▶ **Task details**: Any picture in the listing is left out of the copy; all else is duplicated exactly.

▶ **Exercise material**:

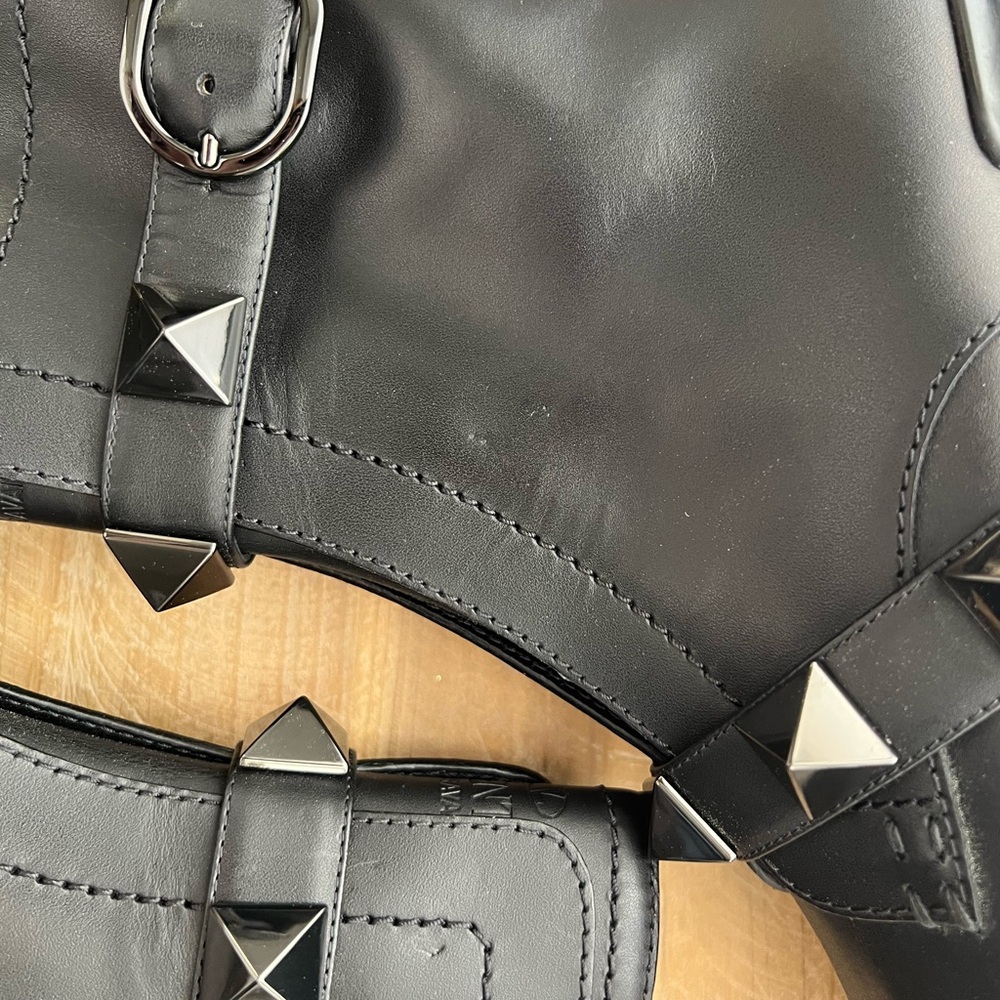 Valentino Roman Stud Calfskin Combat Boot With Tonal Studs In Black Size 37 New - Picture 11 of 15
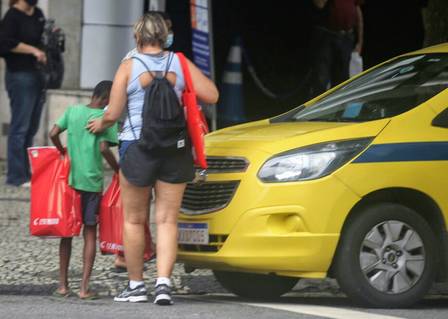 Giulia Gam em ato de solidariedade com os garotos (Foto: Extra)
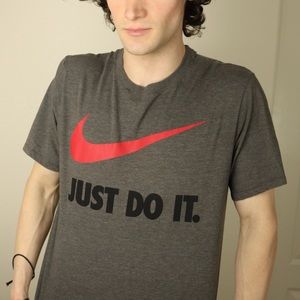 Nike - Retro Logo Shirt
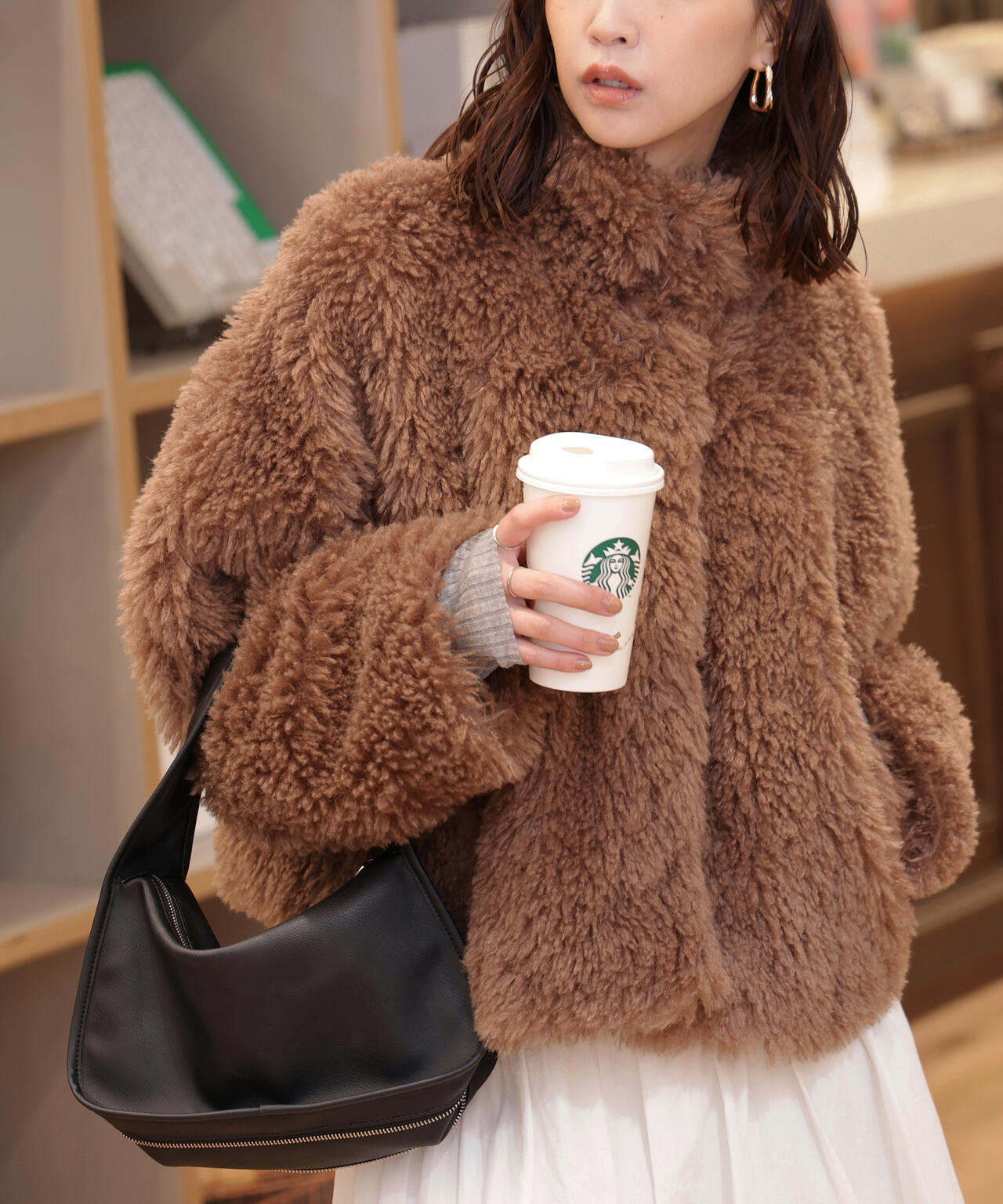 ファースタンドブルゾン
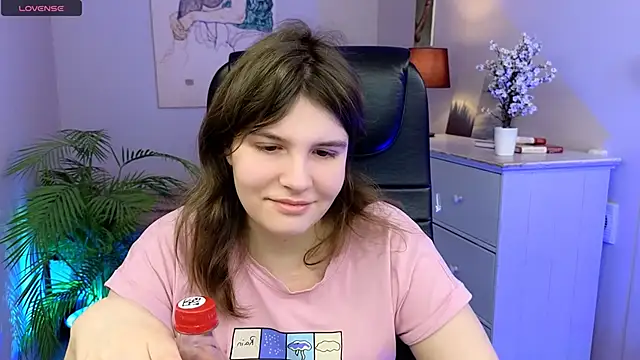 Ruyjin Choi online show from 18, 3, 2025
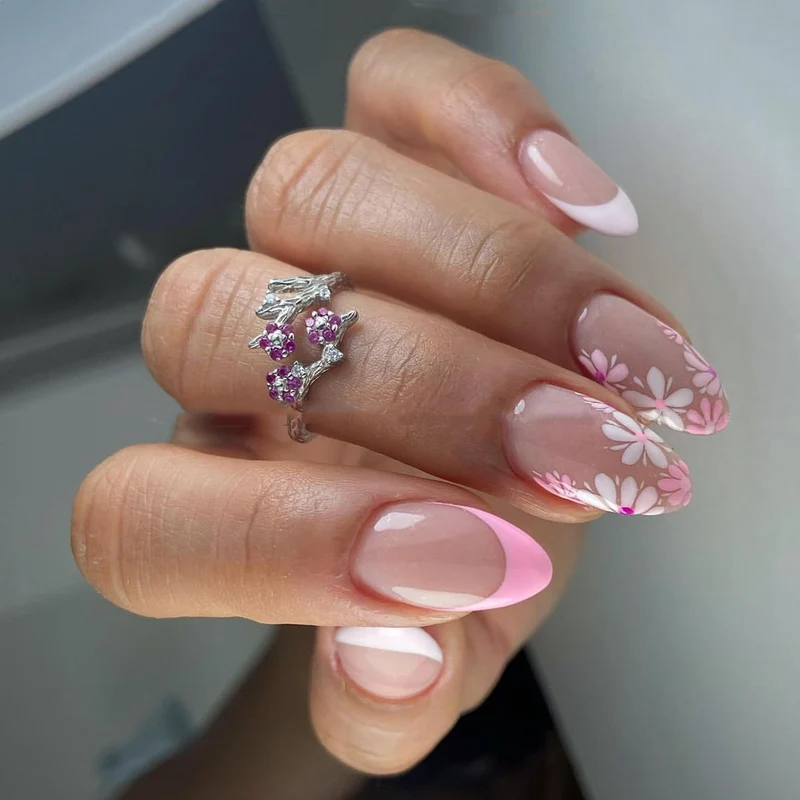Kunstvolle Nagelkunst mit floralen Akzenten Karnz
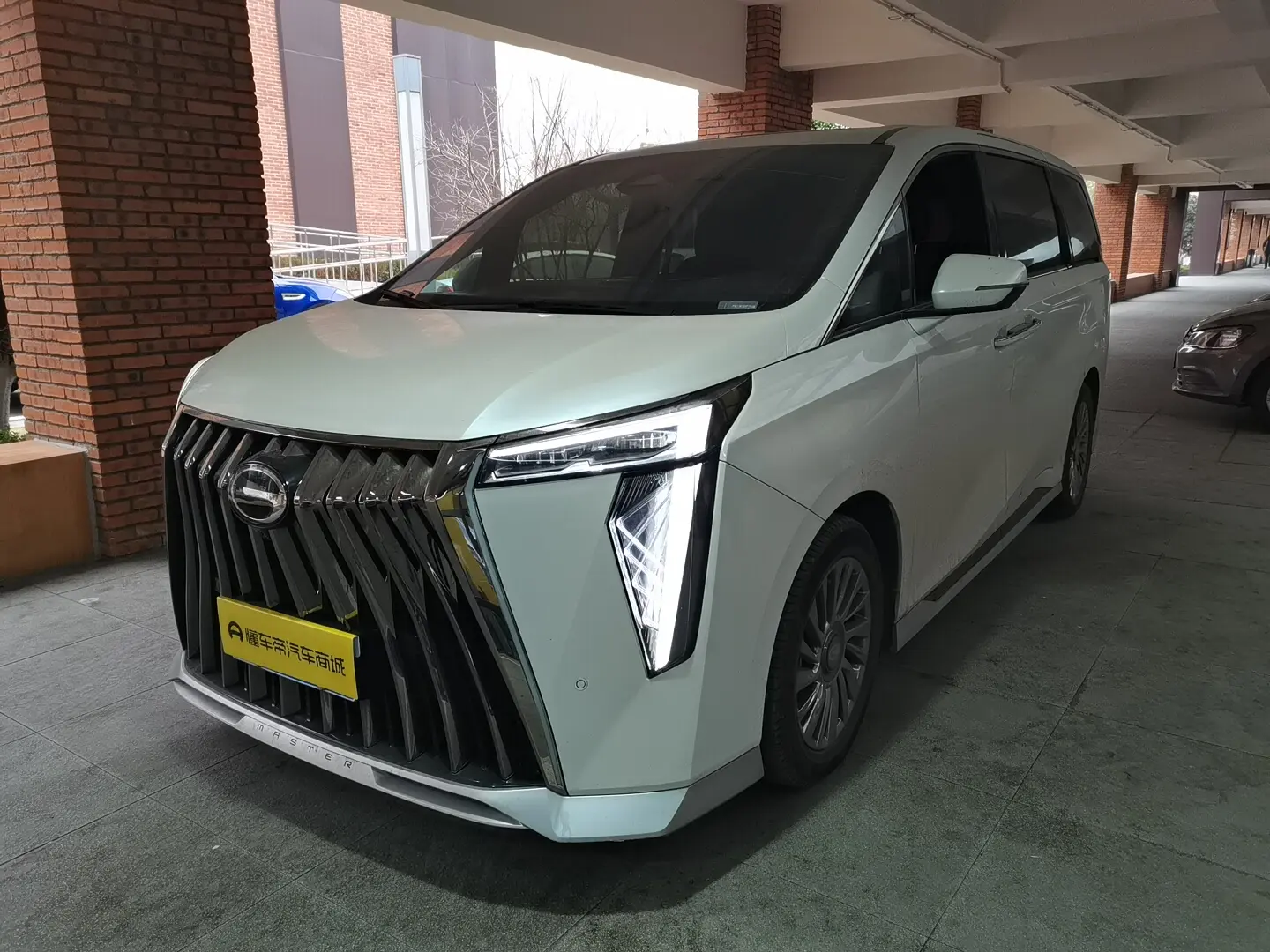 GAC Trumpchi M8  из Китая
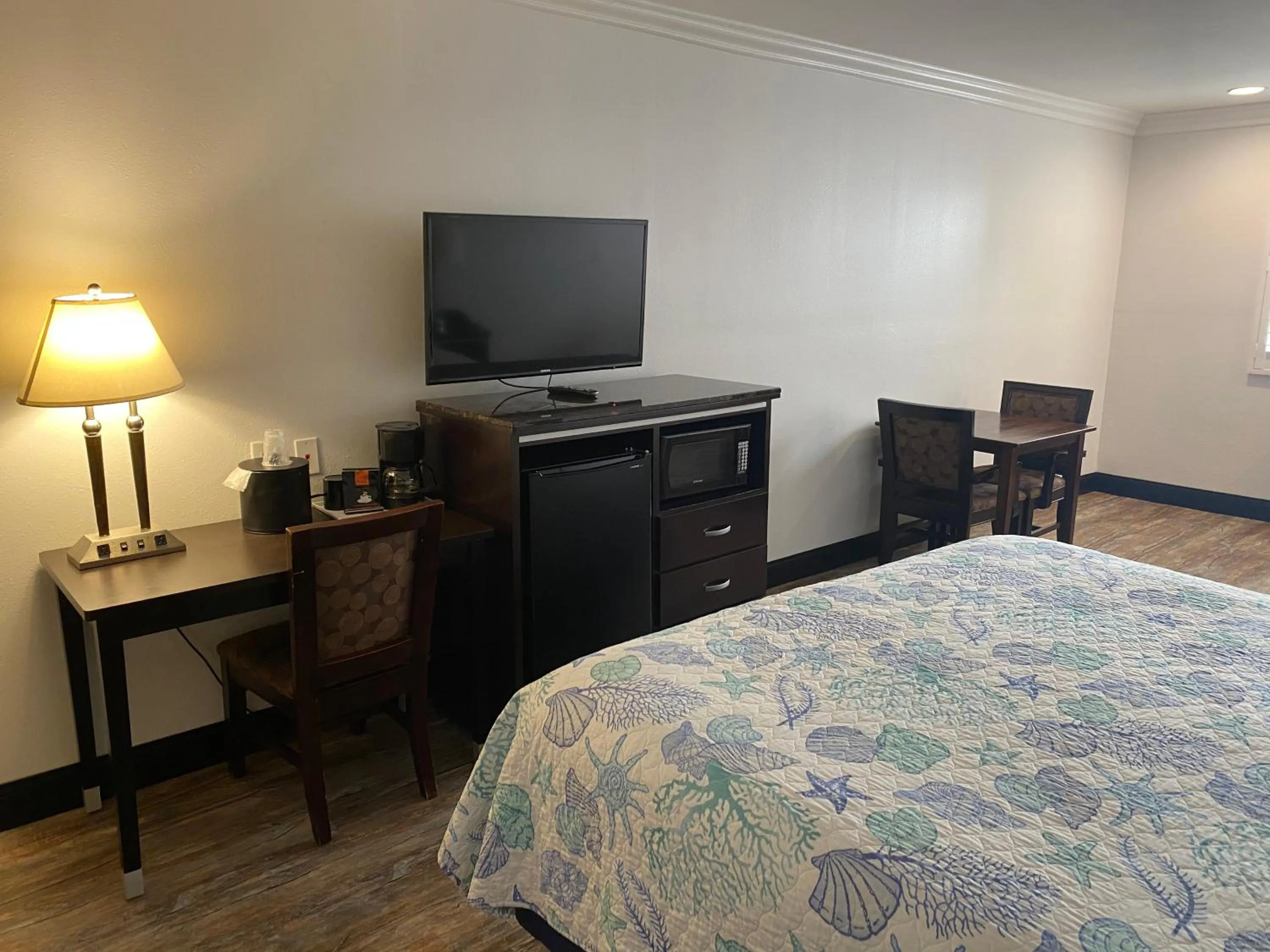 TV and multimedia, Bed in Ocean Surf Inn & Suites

▶ **Answer to this problem**:
 Valentino Roman Stud Calfskin Combat Boot With Tonal Studs In Black Size 37 New - Picture 11 of 15
 Giulia Gam em ato de solidariedade com os garotos (Foto: Extra)
 Nike - Retro Logo Shirt
 ファースタンドブルゾン
 Ruyjin Choi online show from 18, 3, 2025
Kunstvolle Nagelkunst mit floralen Akzenten Karnz
 GAC Trumpchi M8  из Китая
 TV and multimedia, Bed in Ocean Surf Inn & Suites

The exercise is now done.